El colectivo es también autor de otras instalaciones que componen la muestra, como el puesto de vigía colocado en el patio del Conde Duque, desde el que se puede observar lo que ven cada día los vigilantes de la valla de Melilla. La concertina alargada como si fuera una pieza de museo y los altavoces colocados en los pasillos también son suyos. Con estos últimos representan un “diálogo de sordos” en los que se mezclan argumentos en defensa de las fronteras con otros favorables a las migraciones.

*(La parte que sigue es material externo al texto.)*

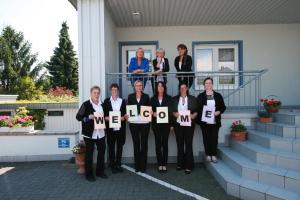 3 star viesnīca Hotel Ambiente Lich Vācija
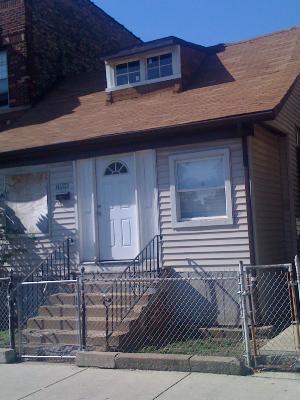 7956 S Morgan St., Chicago, IL 60620
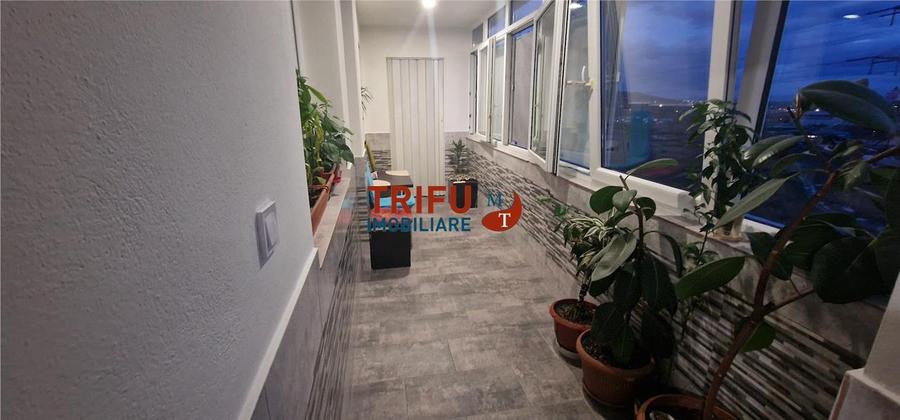 Apartament 4 camere zona Ampoi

Por último, un montaje audiovisual con tres pantallas termina de echar a la cara del visitante la dura realidad de los refugiados que se lanzan al mar para intentar alcanzar Europa. Lo hace en un vídeo que reproduce las llamadas desesperadas que efectuaron los ocupantes de una barca con cientos de inmigrantes y decenas de niños, pidiendo el rescate de una Italia que prefirió en ese momento decirles que marcaran el número de otro país. El desenlace es mejor verlo in situ.
La artificialidad del límite se expone hasta el 7 de diciembre durante el horario de apertura del Centro Conde Duque e incluye varias jornadas de reflexión y debate los días 12, 13 y 14 de noviembre, de 17.00 a 22.00 horas en el auditorio, con entrada libre.